WHAT YOU HAVE TO DO = The whole listing, pictures aside, should be reproduced exactly.

MATERIAL PROVIDED =
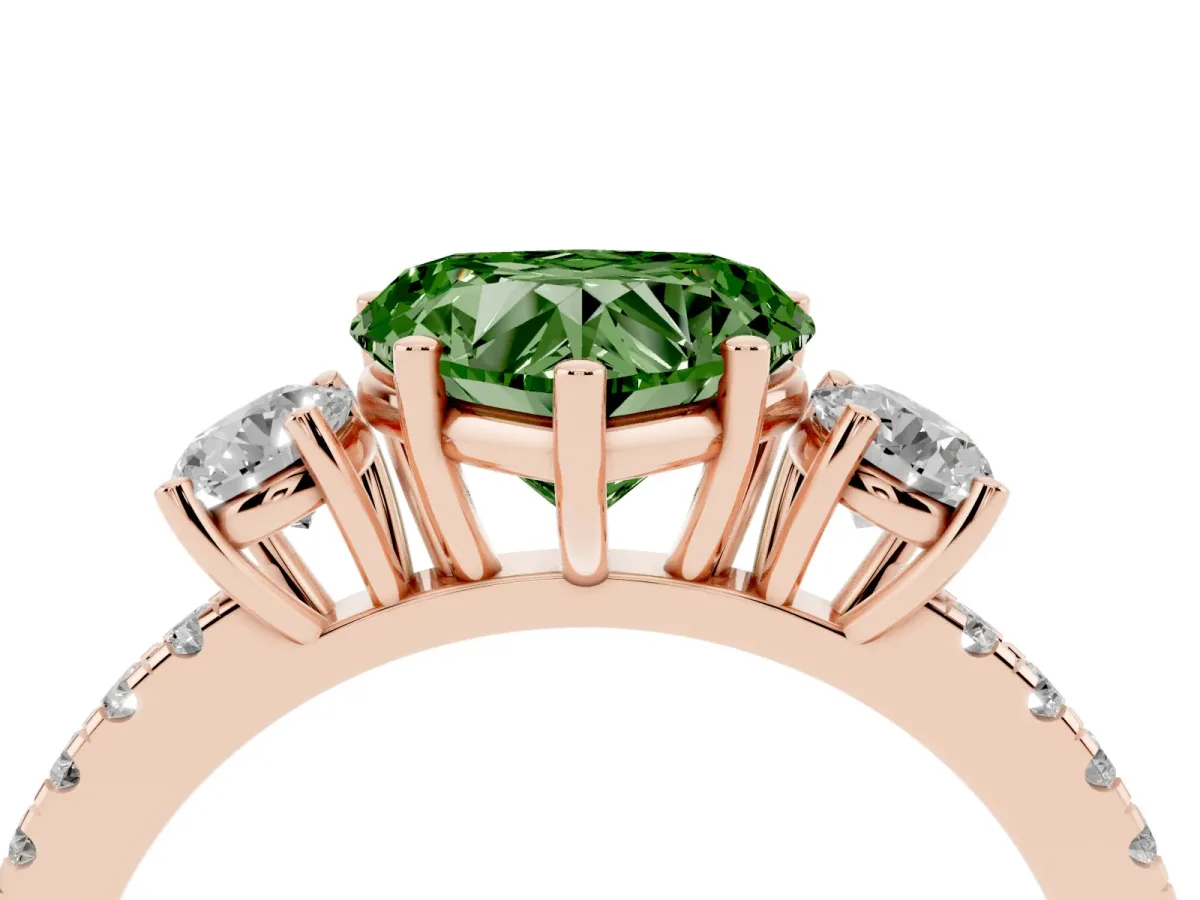 Fancy Green Three-Stone Heart Cut Cut Diamond Pavé Band with Prong Setting Rose gold
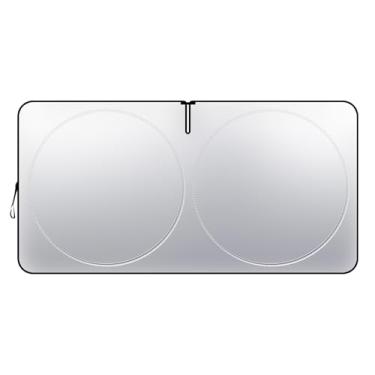 Imagem de QKYS Para-brisa de carro, viseira frontal dobrável, blocos de raios UV, acessórios universais para carro, guarda-sol mantêm o veículo fresco, para a maioria dos carros SUV, caminhões (M: 150 x 75 cm)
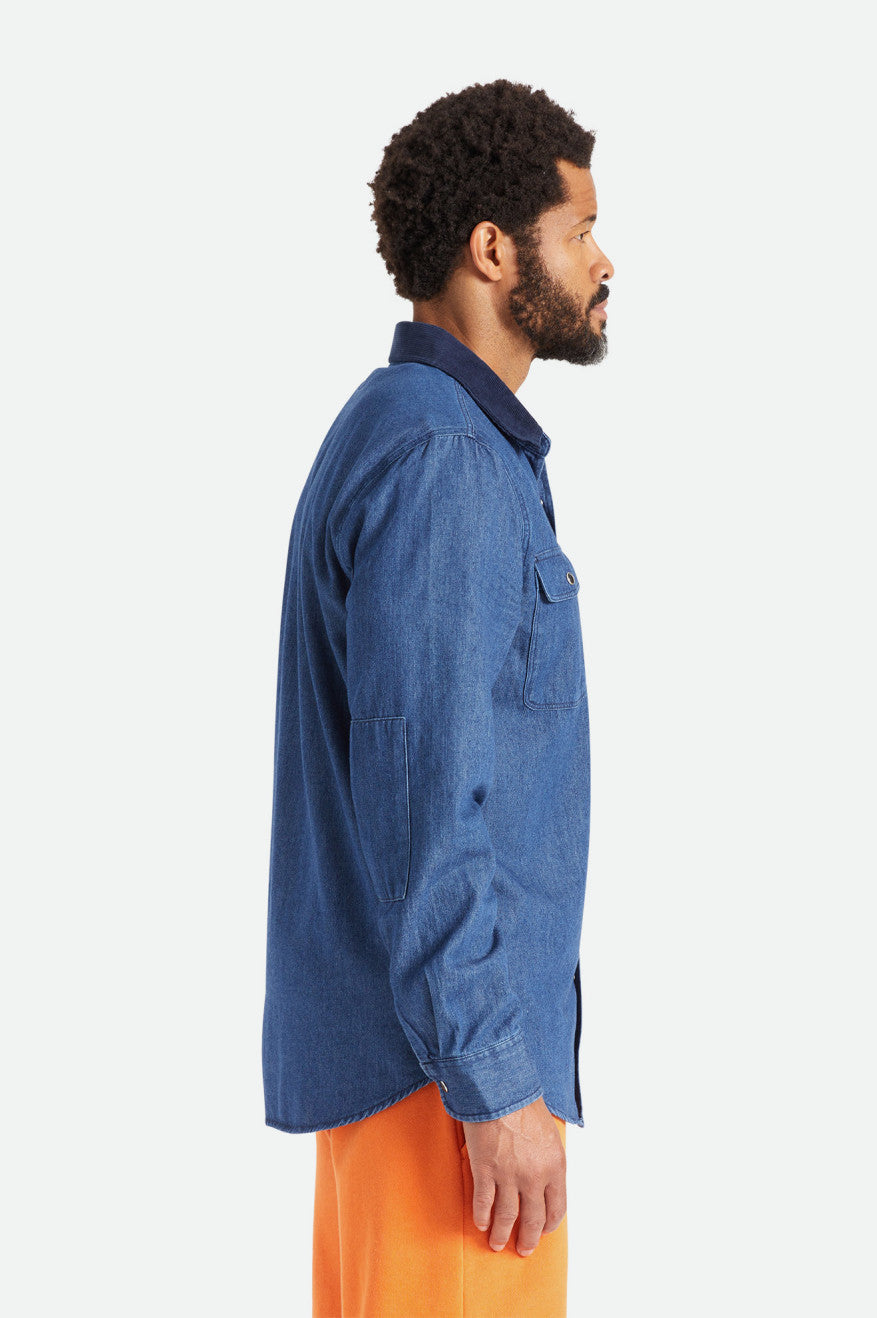 Brixton Bowery Reserve L/S Woven Top Di Woven Uomo Blu | 502HJAKXN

TASK SOLUTION =
 Fancy Green Three-Stone Heart Cut Cut Diamond Pavé Band with Prong Setting Rose gold
 Imagem de QKYS Para-brisa de carro, viseira frontal dobrável, blocos de raios UV, acessórios universais para carro, guarda-sol mantêm o veículo fresco, para a maioria dos carros SUV, caminhões (M: 150 x 75 cm)
 Brixton Bowery Reserve L/S Woven Top Di Woven Uomo Blu | 502HJAKXN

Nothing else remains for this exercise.